The Congo is deep, as well as long
And it’s a great place to study convergent evolution.
By Richard A Lovett
A few years ago, Melanie Stiassny, an ichthyologist at the American Museum of Natural History, plucked a pale, blind, dying fish out of the lower Congo River in Africa.
It wasn’t the first time such a fish had been found floating on the surface, although they are rare.
“It looks very much like a cave fish,” she says of them in general, “but there are no caves. And the weird thing about this fish is we only ever find it dead or dying.”
Then she noticed something new. “As it died in my hand, bubbles formed under its skin and over its gills,” she told the annual meeting of the American Geophysical Union.
These bubbles could mean only one thing. “This animal was dying from catastrophic decompression syndrome” — the fish equivalent of the diver’s bends, a potentially deadly condition that occurs if you rise too rapidly from the depths.
“This fish dying in my hand asked the question, ‘Could there be deep water here?’” she says.
To find out, she teamed up with whitewater kayakers for an exploration that not only discovered the deepest river waters yet found on Earth, but, in the process, helped figure out why the lower Congo has some of the most diverse fish populations on the globe.
There are more than 300 known species along a few hundred kilometeres of river downstream of Kinshasa, the capital of the Democratic Republic of the Congo.
“The lower Congo is truly a hotspot of biological diversity,” she says.
It’s also known for a succession of enormous rapids strung out along 130 kilometres, where the river — second only to the Amazon in the amount of water it carries — narrows and plunges as it begins its final run to the sea.
Some of these rapids, Stiassny says, are “truly incredible”, and in combination, they form “the largest stretch of white water on our planet”.
To map them, she began by having the kayakers instrument their boats with echo sounders.
She also gave them acoustic Doppler current profilers, so they could plot variations in its current.

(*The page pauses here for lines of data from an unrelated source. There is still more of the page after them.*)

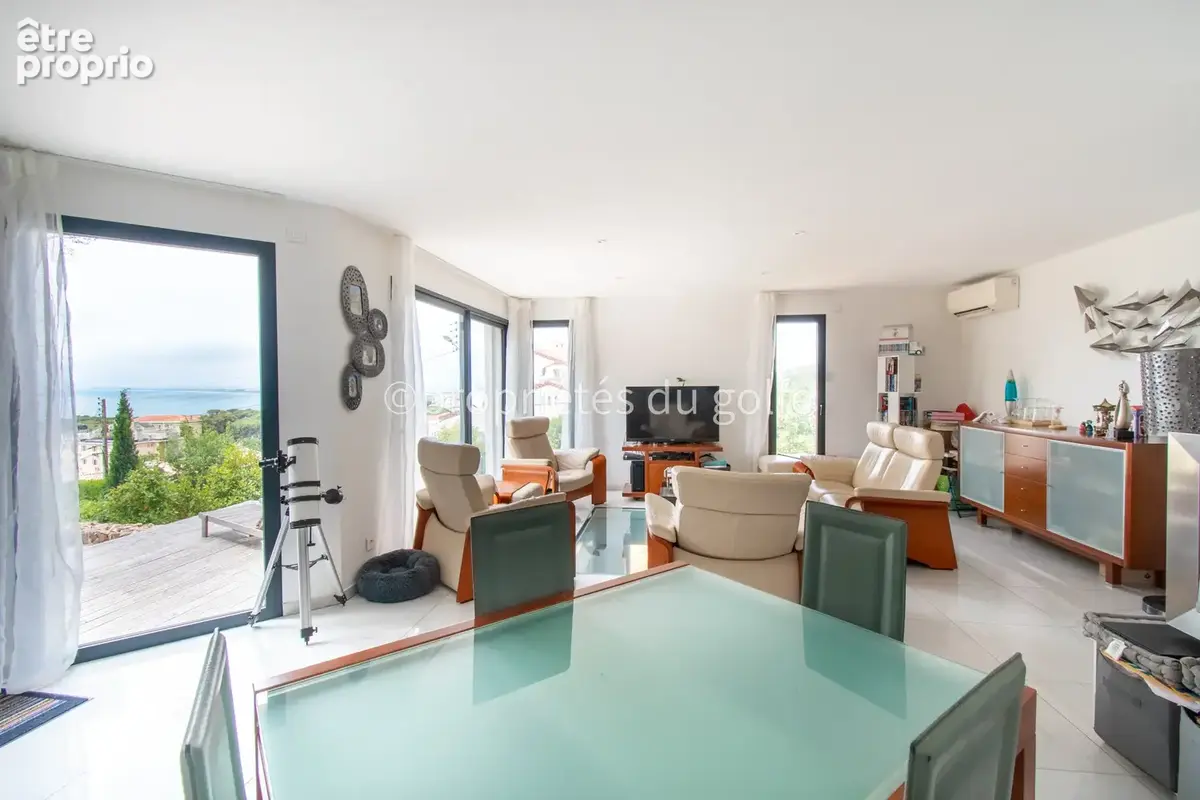 Sète, quartier de la Corniche, villa récente 5 pièces avec vue mer, - photo 5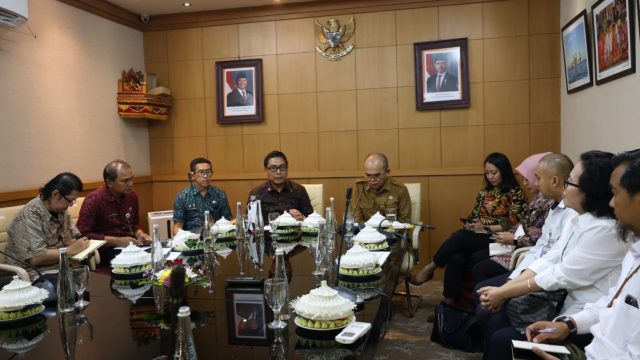 Rapat Koordinasi yang dipimpin Wakil Wali Kota Denpasar, I Kadek Agus Arya Wibawa, bersama Ketua CPMU ISWMP World Bank, Sandhi Eko Bramono, Direktur SUPD I Ditjen Bina Pembangunan Daerah Kemendagri, dan perwakilan Direktorat Sanitasi Kementerian PUPR Edison Siagian, Foto: dok/Pemkot Denpasar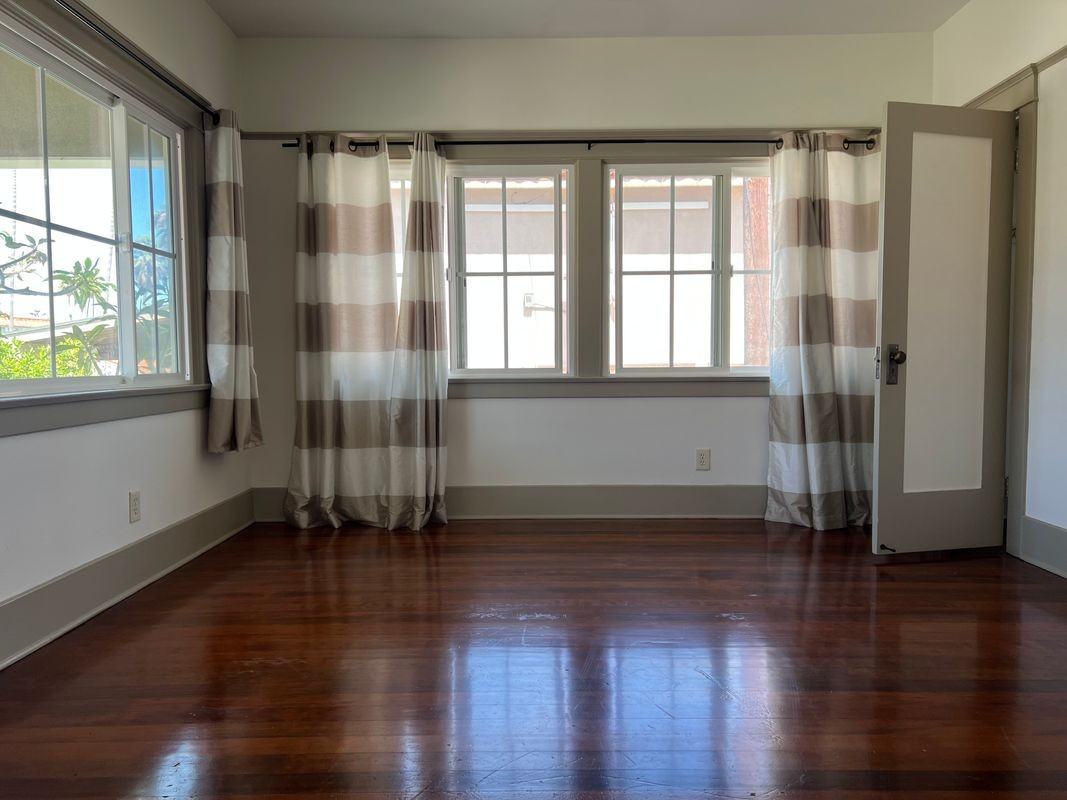 1231 W 9th St ##1 - Photo 5 of 17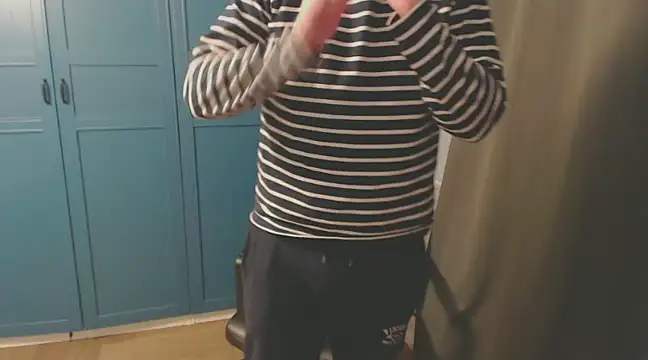 CuteMan33 online show from 12-15-24, 11:20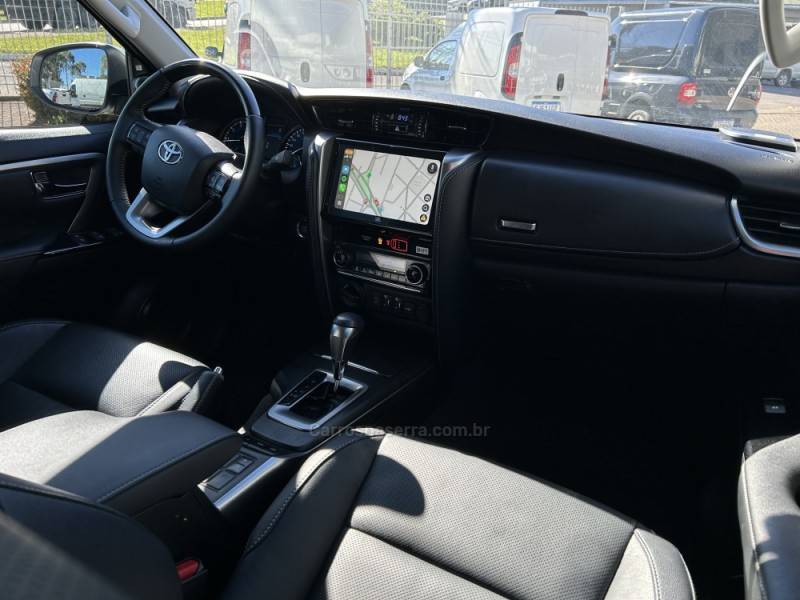 TOYOTA - HILUX SW4 - 2024/2024 - Branca - R$ 375.000,00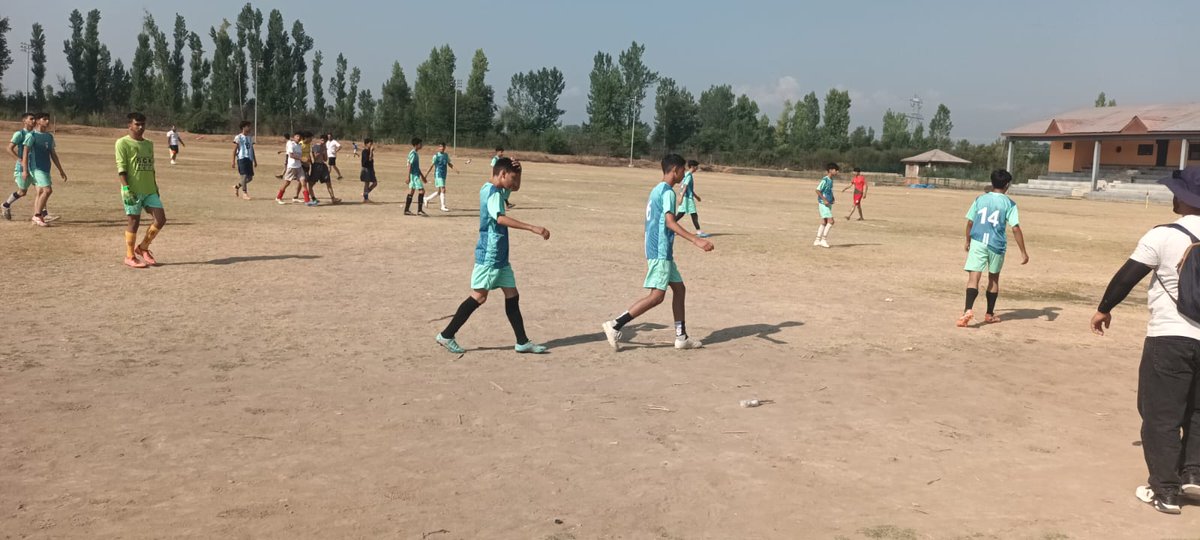 DPulwama's tweet photo. Inter zonal District level Football and Kabbadi tournaments  for U/17  boys Inaugurated with Great Fanfare in the early morning hours by Dysso Pulwama 
@dcpulwama @basharatias_dr @DDNewslive @dgyssjk @diprjk https://t.co/Tb42juDasZ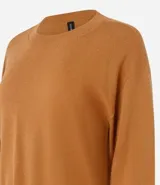 Suéter boxy color marrón, de punto leve, con cuello redondo y mangas largas con puños y bajo acanalados.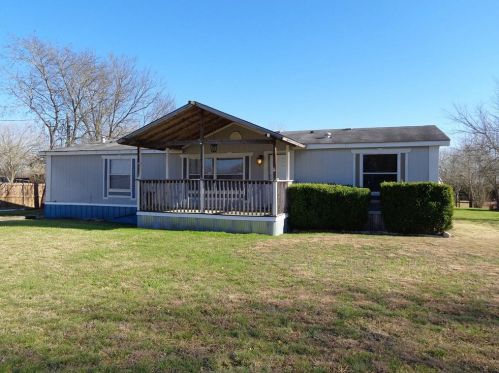 203 Breezy Cir, Uhland, TX 78640-9235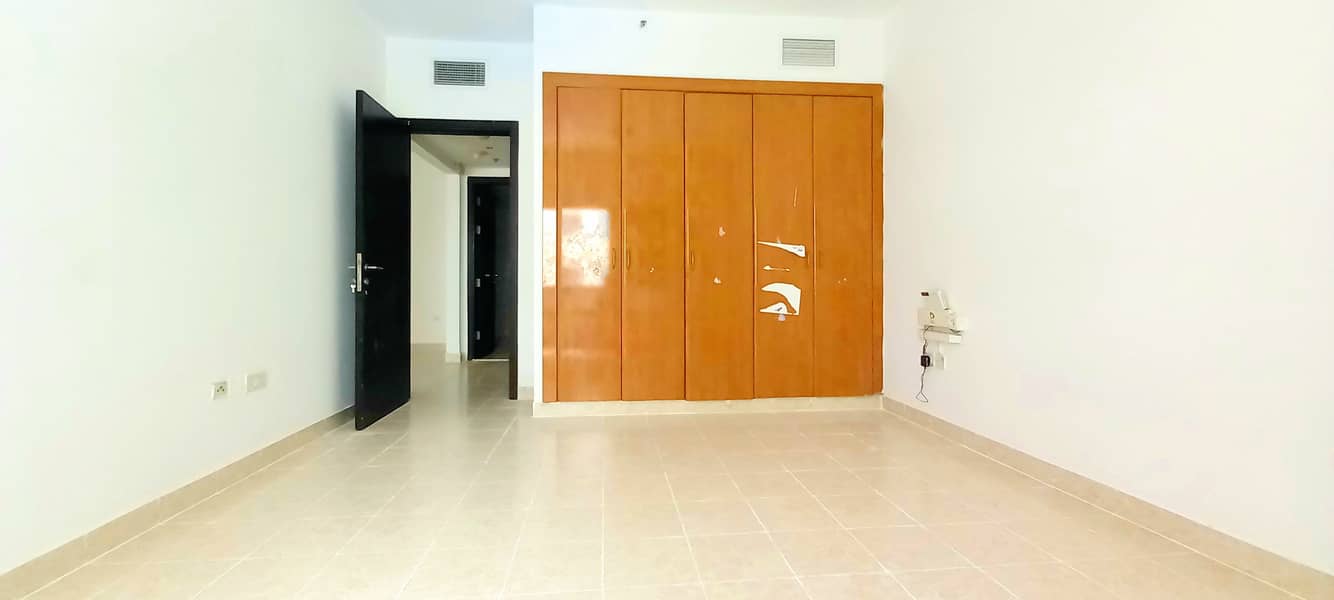SPACIOUS 2 BHK AVAILABLE RENT 43k WITH 1 MONTHS FREE  NEAR METRO STATION WITH  BATHROOM BALCONY +GYM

That way, she says, “we get an idea what the water looks like if you’re a fish”.
The first discovery was that the river wasn’t just deep. In places, it’s very deep. In one spot, she measured a depth of 160 metres. In another, it was substantially in excess of 210 metres — more than deep enough for the dark, cave-like waters in which pale, blind fish are normally found.
But that wasn’t all. There were also patterns of strong ascending and descending currents, as well as complex eddies above and below the rapids.
Some of these currents were upwellings strong enough to serve as death traps for bottom-dwelling fish like the one that died in her hands. But that wasn’t all: these currents, she says, are also barriers that very effectively separate fish populations in one part of the river from others, close by.
“They are dividing up populations and preventing them from interbreeding at a very fine geographical scale,” she says. “So you can see why there’s a lot of [diversity].”
All of that, she adds, makes the Lower Congo a great natural laboratory for studying how species evolve, especially how ones in similar niches sometimes wind up with similar traits — a process known as convergent evolution.
“It’s throwing up some really cool ways in which we can investigate convergent evolution,” she says.